You know, I spent a lot of my life thinking, “If God gives everybody what they deserve, my little brother is in big trouble!” I since have discovered that he spent a lot of his life thinking, “If God gives everybody what they deserve, Don is in big trouble!”

But God doesn’t keep score. God doesn’t punish or reward. God doesn’t think the way we do. This score-keeping is human. This treasuring up grudges is human. This judging others is human. God’s way is completely different.

“In Christ God was reconciling the world to Godself.” Christ was God’s ambassador. The ambassador goes where the need is. The ambassador goes where the pain is. Christ ran down the road to hug the little brother, and Christ left the party to persuade the big brother: “I entreat you, be reconciled to your brother.”

The nature of God is not judgment but reconciliation. The nature of God is not punishment or reward, but wild, extravagant, over-the-top partying when a single lost child comes home. The nature of God is not keeping score but gentle persuasion, “I entreat you, be reconciled ...”

God is the gardener who won’t give up. God is the prodigal father who never ceases to love. God is the ambassador who is always throwing parties, but also willing to leave the party to go where the pain is. God is the business owner who gives the one-hour worker a full day’s pay. God is the innocent victim, who still has love for the thief on the nearby cross.

Jesus never tells us how the story ends. Jesus doesn’t tell us if the older brother ever comes in from the cold. And even if he did, Jesus doesn’t tell us how the relationship worked out the day after, the week after, the year after.

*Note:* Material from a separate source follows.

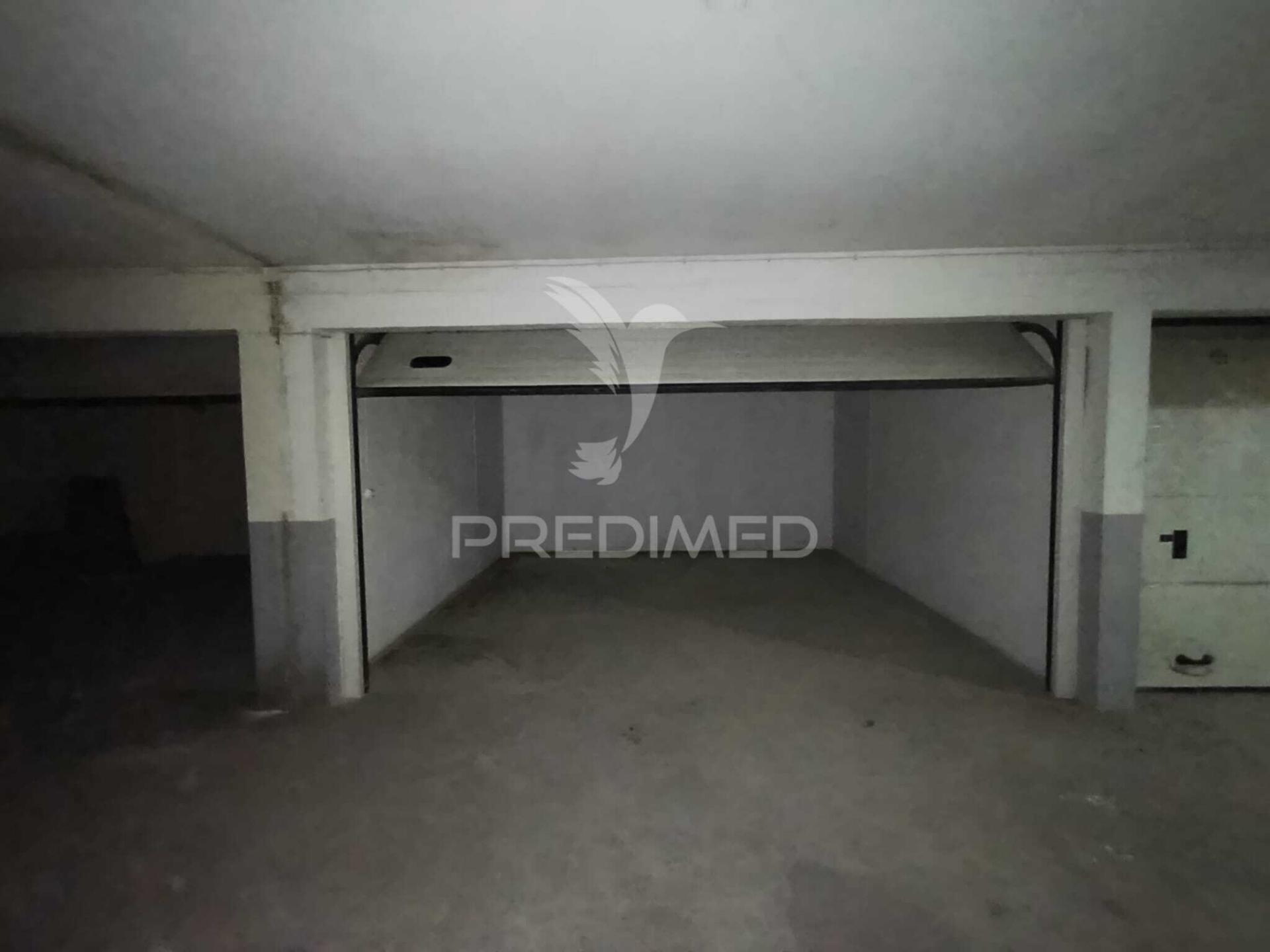 Arrenda se box setúbal/quatro caminhos  290€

My guess is that they had to make it up as they went along. No script. Lots of mistakes. Lots of new opportunities for the father to seek reconciliation. Lots of new chances for each one to be an ambassador.

You and I have been welcomed home to a party in our honor. You and I have been invited to come in from the cold. And you and I have been made ambassadors, to go where the pain is, to make it up as we go along, to express the overwhelming, extravagant, prodigal love of God.